GPU Cluster Usage Guide¶
This guide explains how to run GPU-accelerated jobs on the SCG cluster. It covers partition policies, GPU requests, example job scripts, and best practices.
Available Hardware¶
GPU Hardware Comparison¶
The table below lists all the different GPU hardware that is in the SCG cluster. It is ordered from most to least powerful:
| GPU Model | Memory | Location | How many? |
|---|---|---|---|
| Nvidia H200 | 141 GB | Dell XE9680 | 8 |
| Nvidia A100 | 40/80 GB | Batch node | 2 |
| Nvidia P100 | 16 GB | SGI UV300 | 4 |
| Login GPU | Small | Login nodes | 4 |
GPU Partitions¶
Partitions in Slurm divide up the SCG cluster into machines with similar resource configurations. Every job submitted to the SCG cluster needs to be directed to a specific partition.

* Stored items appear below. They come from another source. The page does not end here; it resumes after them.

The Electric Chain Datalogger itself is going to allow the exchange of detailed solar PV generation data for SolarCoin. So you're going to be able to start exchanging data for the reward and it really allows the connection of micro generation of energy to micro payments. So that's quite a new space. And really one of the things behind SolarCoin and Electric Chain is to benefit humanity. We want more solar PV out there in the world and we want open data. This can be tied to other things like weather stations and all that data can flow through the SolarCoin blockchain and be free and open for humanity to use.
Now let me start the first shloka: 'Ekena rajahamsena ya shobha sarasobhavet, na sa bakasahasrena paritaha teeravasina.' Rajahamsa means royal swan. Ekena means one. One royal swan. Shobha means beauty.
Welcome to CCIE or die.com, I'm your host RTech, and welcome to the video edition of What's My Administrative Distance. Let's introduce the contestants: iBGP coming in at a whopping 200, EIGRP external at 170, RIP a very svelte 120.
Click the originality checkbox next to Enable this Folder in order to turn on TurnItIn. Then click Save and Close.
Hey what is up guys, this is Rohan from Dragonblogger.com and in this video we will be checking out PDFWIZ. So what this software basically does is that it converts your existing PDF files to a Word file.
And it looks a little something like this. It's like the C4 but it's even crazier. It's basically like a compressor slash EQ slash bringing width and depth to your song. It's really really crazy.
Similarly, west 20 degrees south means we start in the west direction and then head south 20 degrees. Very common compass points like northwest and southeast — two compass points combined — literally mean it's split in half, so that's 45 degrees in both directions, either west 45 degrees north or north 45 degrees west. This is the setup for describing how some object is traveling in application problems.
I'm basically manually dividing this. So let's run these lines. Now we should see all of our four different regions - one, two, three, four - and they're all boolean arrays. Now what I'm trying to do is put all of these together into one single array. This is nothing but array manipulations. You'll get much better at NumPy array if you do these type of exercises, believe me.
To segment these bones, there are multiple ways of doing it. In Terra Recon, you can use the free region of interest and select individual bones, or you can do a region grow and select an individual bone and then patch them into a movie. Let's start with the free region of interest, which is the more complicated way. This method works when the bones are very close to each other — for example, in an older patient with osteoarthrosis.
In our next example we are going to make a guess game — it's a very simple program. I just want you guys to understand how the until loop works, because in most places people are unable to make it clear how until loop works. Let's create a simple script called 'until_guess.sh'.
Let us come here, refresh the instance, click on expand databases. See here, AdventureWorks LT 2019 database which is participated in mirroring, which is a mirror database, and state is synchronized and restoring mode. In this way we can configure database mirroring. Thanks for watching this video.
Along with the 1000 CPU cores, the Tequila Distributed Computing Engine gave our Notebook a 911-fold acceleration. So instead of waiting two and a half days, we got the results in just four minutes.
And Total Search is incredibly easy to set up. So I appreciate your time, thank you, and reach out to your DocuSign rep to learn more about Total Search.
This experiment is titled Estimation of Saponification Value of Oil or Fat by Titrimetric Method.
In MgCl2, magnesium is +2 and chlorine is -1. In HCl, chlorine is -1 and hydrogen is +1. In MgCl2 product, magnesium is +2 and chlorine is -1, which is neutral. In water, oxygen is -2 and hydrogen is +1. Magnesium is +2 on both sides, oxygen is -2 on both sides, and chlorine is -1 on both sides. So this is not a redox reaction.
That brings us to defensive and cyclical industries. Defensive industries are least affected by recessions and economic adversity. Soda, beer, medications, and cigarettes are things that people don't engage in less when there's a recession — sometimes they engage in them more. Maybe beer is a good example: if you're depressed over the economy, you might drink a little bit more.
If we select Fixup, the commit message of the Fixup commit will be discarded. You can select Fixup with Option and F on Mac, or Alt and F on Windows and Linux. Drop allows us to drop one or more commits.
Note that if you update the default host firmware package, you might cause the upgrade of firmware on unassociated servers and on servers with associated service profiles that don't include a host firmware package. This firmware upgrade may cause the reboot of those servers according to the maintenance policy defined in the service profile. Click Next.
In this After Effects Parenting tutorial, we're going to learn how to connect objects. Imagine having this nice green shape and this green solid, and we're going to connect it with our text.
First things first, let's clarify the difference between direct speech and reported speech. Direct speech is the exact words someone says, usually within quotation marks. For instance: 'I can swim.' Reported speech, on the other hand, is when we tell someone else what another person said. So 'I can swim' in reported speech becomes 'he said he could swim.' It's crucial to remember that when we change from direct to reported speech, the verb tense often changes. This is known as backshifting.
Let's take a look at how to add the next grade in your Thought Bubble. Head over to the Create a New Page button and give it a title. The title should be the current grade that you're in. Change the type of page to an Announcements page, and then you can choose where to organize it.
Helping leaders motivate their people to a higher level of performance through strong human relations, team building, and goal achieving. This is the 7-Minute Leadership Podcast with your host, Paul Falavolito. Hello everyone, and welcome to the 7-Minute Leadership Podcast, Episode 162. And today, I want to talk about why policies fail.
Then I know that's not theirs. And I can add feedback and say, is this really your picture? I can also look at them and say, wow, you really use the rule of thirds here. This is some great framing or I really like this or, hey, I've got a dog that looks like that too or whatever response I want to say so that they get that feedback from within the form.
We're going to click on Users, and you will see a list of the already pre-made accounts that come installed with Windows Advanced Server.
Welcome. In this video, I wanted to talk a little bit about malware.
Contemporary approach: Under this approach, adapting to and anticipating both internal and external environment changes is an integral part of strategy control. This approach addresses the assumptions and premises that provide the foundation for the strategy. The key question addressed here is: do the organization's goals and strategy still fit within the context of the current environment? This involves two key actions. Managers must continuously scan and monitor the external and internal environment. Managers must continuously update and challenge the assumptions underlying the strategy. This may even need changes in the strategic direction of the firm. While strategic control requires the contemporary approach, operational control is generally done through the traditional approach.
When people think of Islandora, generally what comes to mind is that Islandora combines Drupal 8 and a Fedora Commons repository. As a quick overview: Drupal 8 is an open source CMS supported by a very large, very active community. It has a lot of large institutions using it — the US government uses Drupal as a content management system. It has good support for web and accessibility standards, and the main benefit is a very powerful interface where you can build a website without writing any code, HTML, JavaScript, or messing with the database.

| GPU Model | Partition | Max Walltime | Max GPUs | Purpose |
|---|---|---|---|---|
| Nvidia H200 | gpu_short |
4 hours | 1 | Quick tests / debugging |
| Nvidia H200 | gpu_normal |
24 hours | 2 | Standard research runs |
| Nvidia H200 | gpu_long |
72 hours | 2 | Long model training or pipelines |
| Nvidia A100 | batch |
336 hours | 2 | Standard research runs |
| Nvidia P100 | nih_s10 |
168 hours | 4 | GPU use in combination with large memory or many CPUs |
| Login GPU | interactive |
24 hours | 1 | Testing and debugging whether jobs run at all |
Note: Access to GPU partitions requires Full Tier access, except for partitions nih_s10 and interactive.
Requesting GPUs¶
Required SBATCH Directives¶
Every GPU job must include:
#SBATCH --account=<account>
#SBATCH --partition=<partition_name>
#SBATCH --gres=gpu:<number>
#SBATCH --time=<walltime>
Example 1: Single GPU (Debugging)¶
#!/bin/bash
#SBATCH --job-name=gpu_debug
#SBATCH --account=<account>
#SBATCH --partition=gpu_short
#SBATCH --gres=gpu:1
#SBATCH --cpus-per-task=8
#SBATCH --mem=64G
#SBATCH --time=04:00:00
#SBATCH --output=gpu_debug_%j.out
module load cuda/13.0
nvidia-smi
python test_gpu_script.py
Example 2: Multi-GPU Training (Single Node)¶
#!/bin/bash
#SBATCH --job-name=multi_gpu_train
#SBATCH --account=<account>
#SBATCH --partition=gpu_normal
#SBATCH --gres=gpu:2
#SBATCH --cpus-per-task=16
#SBATCH --mem=256G
#SBATCH --time=1-00:00:00
#SBATCH --output=train_%j.out
module load cuda/13.0
# Environment variables for multi-GPU
export OMP_NUM_THREADS=$SLURM_CPUS_PER_TASK
export NCCL_DEBUG=WARN
# Distributed training
srun python -m torch.distributed.run \
--nproc_per_node=2 \
train.py
Interactive GPU Sessions¶
Request an interactive session for development and debugging:
srun --account=<account> --partition=gpu_short --gres=gpu:1 --time=02:00:00 --pty bash
Inside the session:
module load cuda/13.0
nvidia-smi
python my_script.py
Using Containers¶
Containers must be executed with GPU support using the --nv flag:
# Pull a container from NVIDIA GPU Cloud
singularity pull docker://nvcr.io/nvidia/pytorch:24.12-py3
# Run with GPU support
singularity exec --nv pytorch_24.12-py3.sif python my_script.py
Monitoring GPU Usage¶
During Job Execution¶
Find your job’s compute node and SSH to it:
# Find your job's node
squeue -u $USER -o "%i %N"
# SSH to that node
ssh <node_name>
# Real-time monitoring (updates every second)
watch -n 1 nvidia-smi
Automated Logging in Job Scripts¶
Add GPU monitoring to your job script:
# Start background monitoring (add BEFORE your main command)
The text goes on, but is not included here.